Prompt =
Images should be omitted while the rest of the data is duplicated exactly.

Start of Records supplied

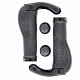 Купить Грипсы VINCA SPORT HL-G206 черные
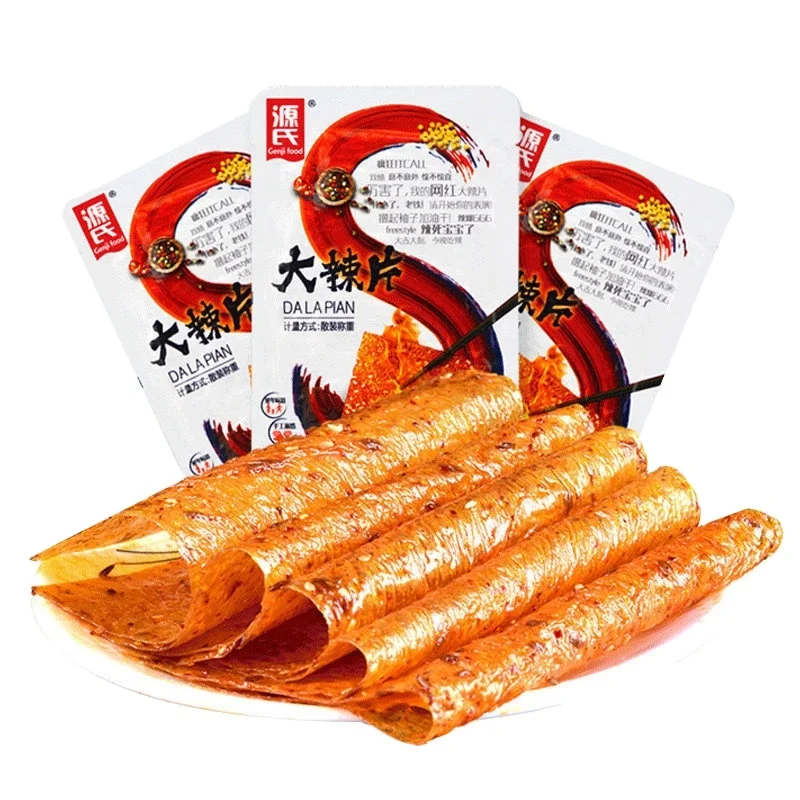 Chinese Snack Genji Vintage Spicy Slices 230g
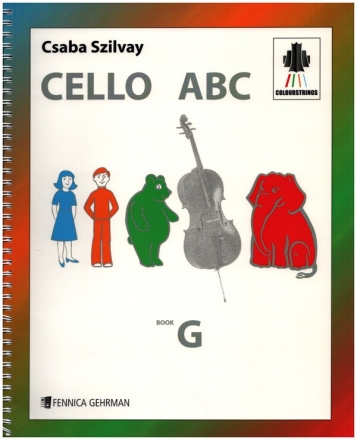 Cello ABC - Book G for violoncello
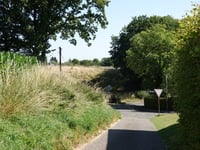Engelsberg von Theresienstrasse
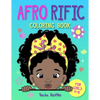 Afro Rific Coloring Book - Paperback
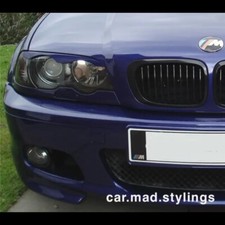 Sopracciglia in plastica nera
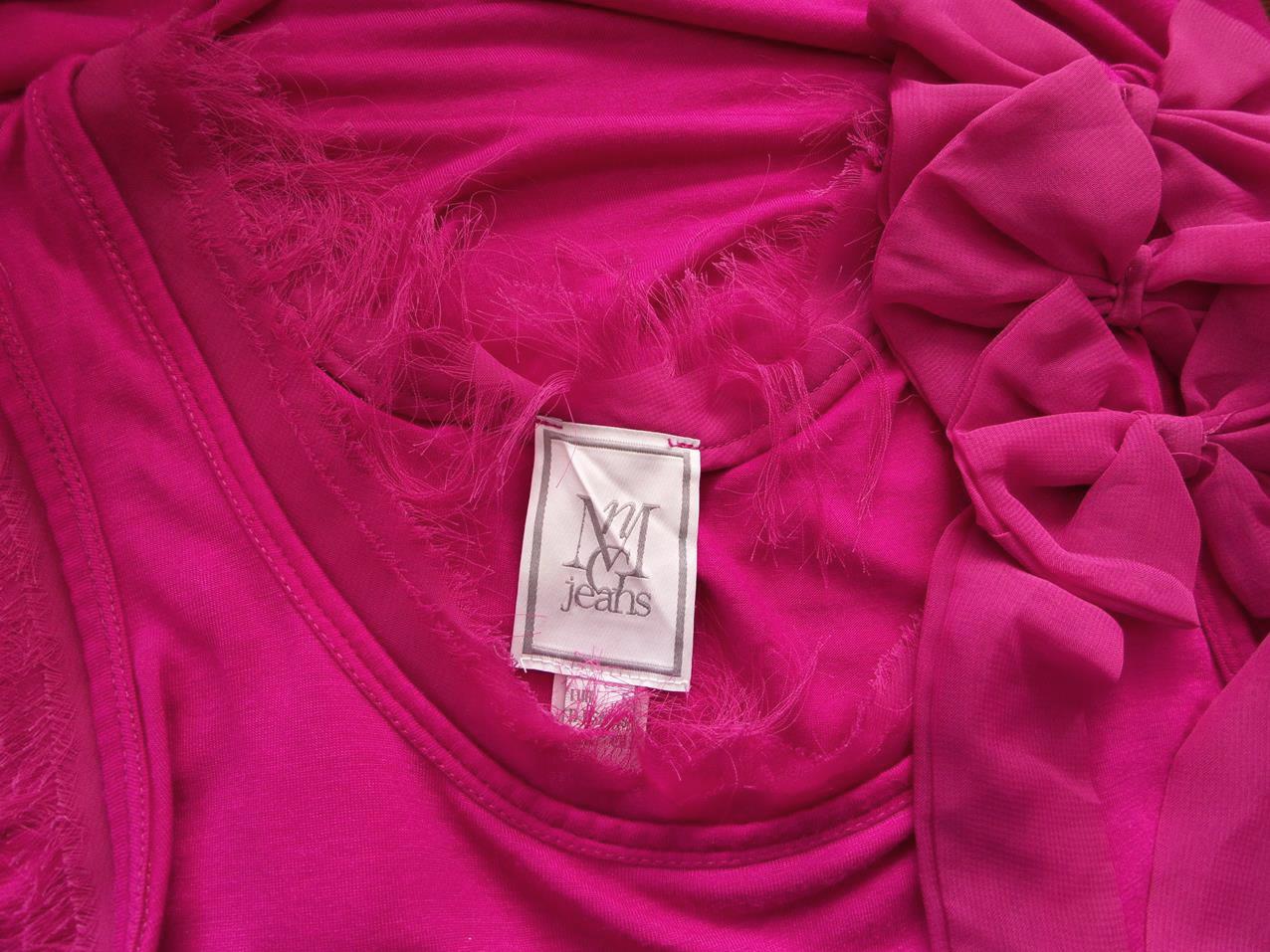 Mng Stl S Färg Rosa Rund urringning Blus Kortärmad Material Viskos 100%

End of Records supplied

Solved exercise =
 Купить Грипсы VINCA SPORT HL-G206 черные
 Chinese Snack Genji Vintage Spicy Slices 230g
 Cello ABC - Book G for violoncello
Engelsberg von Theresienstrasse
 Afro Rific Coloring Book - Paperback
 Sopracciglia in plastica nera
 Mng Stl S Färg Rosa Rund urringning Blus Kortärmad Material Viskos 100%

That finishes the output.